2. What strategies are recommended to address the issue of retrieved data not being in the right context?
- Use query augmentation/rewriting to enhance user queries with additional context or modifications, improving the relevancy of retrieved information.
- Explore different retrieval strategies, such as small-to-big sentence window retrieval and semantic similarity scoring, to incorporate relevant information into the context.
- Use generative UIs to clarify user intent and ensure the retrieval engine retrieves the complete context to answer the query.
- Invest in a monitoring solution to visualize prompts, chunks, and responses.
[06] Task-Based Retrieval
1. What is the challenge related to task-based retrieval in RAG applications?
- RAG applications should be able to handle a wide range of user queries, including those seeking summaries, comparisons, or specific facts. Using one retrieval prompt might not be sufficient to handle all these different use cases.
2. What strategy is recommended to address the task-based retrieval challenge?
- Implement query routing to identify the appropriate subset of tools or sources based on the initial user query, ensuring adapted retrieval for different use cases.

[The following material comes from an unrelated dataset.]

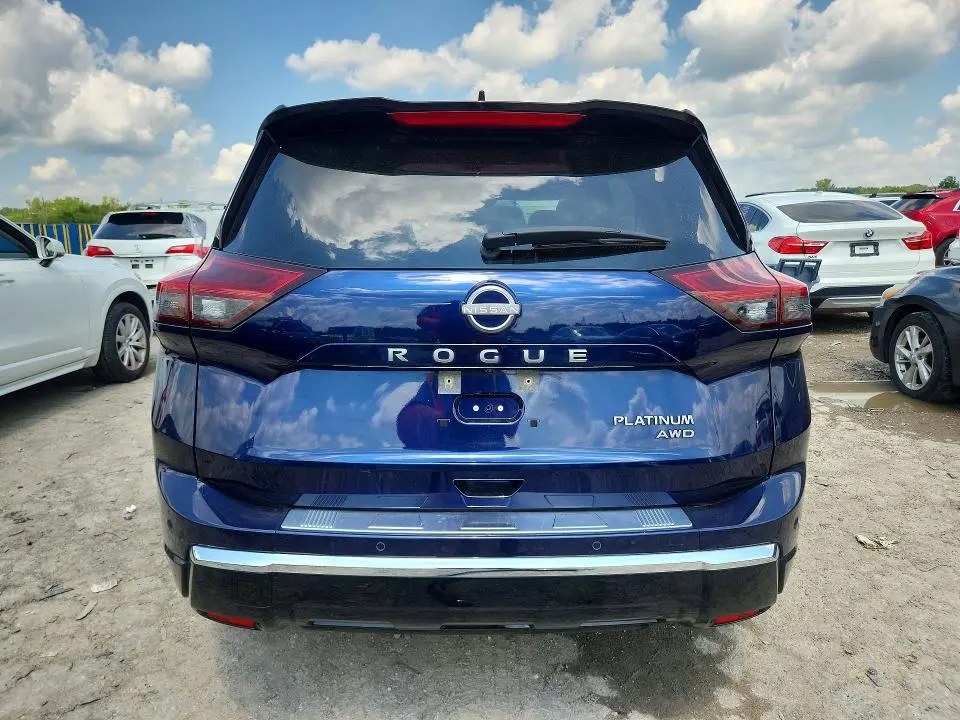 2025 NISSAN ROGUE PLATINUM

This usually involves creating multiple indexes and a classifier to route the query to the corresponding index.
[07] Data Freshness
1. What is the challenge related to ensuring data freshness in RAG applications?
- Ensuring that the RAG app always uses the latest and most accurate information, especially when documents are updated.
2. What strategies are recommended to address the data freshness challenge?
- Implement metadata filtering, which acts as a label to indicate if a document is new or changed, ensuring the app always uses the most recent information.
- Use generative UIs to clarify user intent around recency, such as asking the user if they are interested in recent events or general information.
- Be explicit in the prompt about which timestamps to use, as LLMs can sometimes confuse their internal learned information about dates and external data timestamps.
[08] Data Security
1. What are the data security challenges in RAG applications?
- Ensuring the security and integrity of LLMs used in RAG applications, preventing sensitive information disclosure, and addressing ethical and privacy considerations.
2. What strategies are recommended to address the data security challenges?
- Implement multi-tenancy to keep user data private and secure.
- Properly handle the user prompt to ensure it does not abuse the LLM.
- Analyze the RAG data for any signs of data poisoning.